This happened around mid 2006. I was a low level team leader in a tech consulting company.
I was in charge of two teams of 3 each.
The client was a bank, if you've ever worked with a bank, you know that technology moves pretty slowly on a bank.
For instance, the project we worked at was in Java 1.3, that got deprecated in march 06.
One of the guys in my team, let's call him MaxPowers, was the kind of guy that's always always trying to be on the cutting edge of everything, and we had him working on the project and he asked several times to migrate the project to a newer version of Java or be assigned to a project with more up-to-date tech (there were, he just was assigned to this one) but I couldn't do any of those things.
I knew he was unmotivated because of this, and I was also pretty bummed about having to work with outdated technology, so we both started researching open source tools to use in the company that were cutting edge and proposed some improvements to our manager. He liked the idea so he formed a "task force" to create tools for the company, the tasked force was Max and myself.
However, this was a side job, our main responsabilities were still on the bank project.
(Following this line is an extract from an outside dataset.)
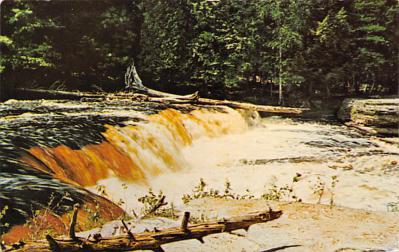 Tahquamenon River MI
One day, on a team, project leaders and managers meeting, we were talking about desired and undesired rotation (people leaving the company) and how to stop it. I brought Maxes case up, saying that having someone extremely focused on cutting edge tech doing boring outdated stuff was probably the recipe to undesired rotation.
The manager said: "you're wrong, this is totally desired rotation, we want people motivated to work here, he's not".
I said: "But he's not because you're unwilling to move it to a project with better tech, plus, he's one of our best assets by a mile, he's doing the work of 2-3 people and the task force, we wouldn't want him to leave, it would be a problem".
Then manager said: "then it's your fault, you have to motivate him better!".
I stopped arguing, to me, Max leaving was totally a case of undesired rotation, it was a problem to my planning and, furthermore, it was losing someone whom I saw as one of the top assets available in the company.
But the manager said that I needed to motivate Max better. Cue malicious compliance.
So I did. I motivated him to get the hell out of the company. He wasn't going to be allowed to work in cutting edge projects there.
He found a new and exciting job in no time. He's a millionaire now, he got called by Google to interview with them (he rejected the offer), he could have been retired by age 38, but he kept on working because he still loves what he does.
We struggled to cover him, we had to hire 2 more devs and the task force came to an end (I couldn't do it just by myself and the rest of the devs weren't as interested in it).
TLDR: Manager told me to motivate a bored employee without tending to the underlaying problem at the company, I motivate him to leave the company.
EDIT: changed "cutting edge companies" for "cutting edge projects".